Divided as they are among each other the wars in Iraq and Syria offered
the opportunity for Kurds in both countries to create a level of autonomy for
their areas. Thus Iraq’s Kurds were able to carve out an autonomous region
during the 1990s after the Gulf War thanks the western no fly zones. After 2003
they have more and more been talking about independence.
Kurdistan's rising
Before President Bush junior invaded Iraq I included what I titled the
(earlier) forgotten history of the Kurds. Next, as a result of the war
in Syria and Iraq in the last five years two new de facto states where produced
and enabled a third quasi-state greatly to expand its territory and power. The
two new states, though unrecognized internationally, are stronger militarily
and politically than most members of the UN. One is the Islamic State (ISIS),
which established its caliphate in eastern Syria and western Iraq in the summer
of 2014 after capturing Mosul and defeating the Iraqi army. The second is
Rojava, as the Syrian Kurds call the area they gained control of when the
Syrian army largely withdrew in 2012, and which now, thanks to a series of
victories over ISIS, stretches across northern Syria between the Tigris and
Euphrates. In Iraq, the Kurdistan Regional Government (KRG), already highly
autonomous, took advantage of ISIS’s destruction of Baghdad’s authority in
northern Iraq to expand its territory by 40 per cent, taking over areas long
disputed between itself and Baghdad, including the Kirkuk oilfields and some
mixed Kurdish-Arab districts.
The question is whether these radical changes in the political geography
of the Middle East will persist, or to what extent they will persist, when the
present conflict is over. Turkey has been appalled to find that the Syrian
uprising of 2011, which it hoped would usher in an era of Turkish influence
spreading across the Middle East, has instead produced a Kurdish state that
controls half of the Syrian side of Turkey’s 550-mile southern border. Worse,
the ruling party in Rojava is the Democratic Union Party (PYD), which in all
but name is the Syrian branch of the Kurdistan Workers’ Party (PKK), against
which Ankara has been fighting a guerrilla war since 1984. The PYD denies the
link, but in every PYD office there is a picture on the wall of the PKK’s leader,
Abdullah Ocalan, who has been in a Turkish prison since 1999. In the year since
ISIS was finally defeated in the siege of the Syrian Kurdish city of Kobani,
Rojava has expanded territorially in every direction as its leaders repeatedly
ignore Turkish threats of military action against them.

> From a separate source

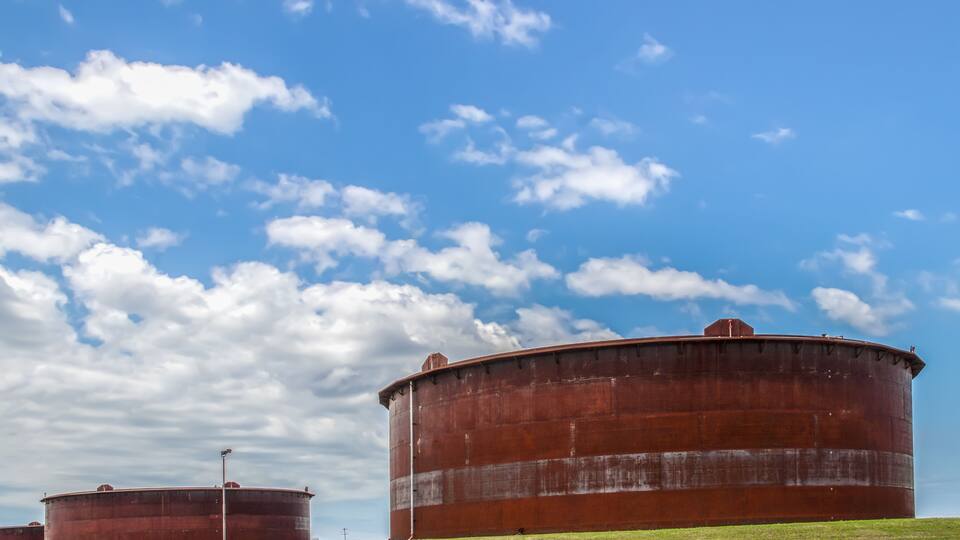 Huge rusty storage tanks full of petroleum products in tank farm in Cushing Oklahoma where most oil in USA is stored and traded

For the Kurds in Rojava and KRG territory this is a testing moment: if
the war ends their newly won power could quickly slip away. They are, after
all, only small states, the KRG has a population of about six million and
Rojava 2.2 million, surrounded by much larger ones. And their economies are
barely floating wrecks. Rojava is well organised but
blockaded on all sides and unable to sell much of its oil. Seventy per cent of
the buildings in Kobani were pulverised by US
bombing. People have fled from cities like Hasaka that are close to the
frontline. The KRG’s economic problems are grave and probably insoluble unless
there is an unexpected rise in the price of oil.
The
following map shows on the left Kurdish "Rojava" and on the right the
Kurdistan Regional Government (KRG) in Iraq and Syria.
The fresh ISIS offensive in early August 2014 initiated a convergence of
U.S. and Kurdish goals, as well as a change in the Kurdish pitch for support.

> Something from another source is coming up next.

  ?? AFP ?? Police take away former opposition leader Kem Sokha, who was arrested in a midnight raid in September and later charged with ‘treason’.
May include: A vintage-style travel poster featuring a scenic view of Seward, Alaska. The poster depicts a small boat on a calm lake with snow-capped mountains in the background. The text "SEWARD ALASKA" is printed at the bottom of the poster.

Backed by the US, in Kobani, for the first time, Isis was fighting an
enemy – the People’s Defence Units (YPG) and the
Syrian Democratic Forces (SDF). The SDF is essentially a subsidiary of the
Kurdish YPG.
The US said tried to attract Arab rebels to ally with the YPG under the
banner of the SDF, hoping this could create a force more committed to fighting
ISIS than ousting Syrian President Bashar Assad. But most Arab rebels, who have
strong links with Turkey, are wary of joining, saying they get second-class
status to the favored Kurdish forces.
The coalition is trying to implement a plan to choke Raqqa by taking the
surrounding area, but it still needs a bigger Arab force to hold those towns.
Washington recently deployed 250 more US troops to bolster Syrian forces
fighting ISIS. The SDF’s own Arab members remain wary of efforts to encourage
more Arab groups to join the alliance.
“We are like people walking barefoot on a burning surface,” said one
commander of the Thuwar Raqqa brigade, an Arab rebel
group that is part of the SDF. “It is a forced marriage.”
The United States has been backing the YPG and such support, namely, the
promise of air support and better weapons, is essential for encouraging tribes
to join the anti- ISIS coalition. Arab tribes from the Fadan
federation have already joined the YPG in Raqqa province, while several Shammar tribes in Hasaka province helped YPG units capture
al-Hawl and al-Shadadi from
ISIS last winter. These tribes have always had good relations with the Kurds;
for example, they refused to help Assad repress the Kurdish uprising of 2004.
Yet they are relying on Washington to moderate the PYD's hegemonic tendencies
and ensure their own share of power once ISIS has left.
The same process is taking place in the northern part of Raqqa province,
but with many more obstacles. Some tribes remain fiercely on the Islamic
State's side (e.g., the Afadla and Sabkha), and those
who have been expelled from their lands by ISIS -backed tribes are not ready
for quick reconciliation (e.g., the Jais and Sheitat).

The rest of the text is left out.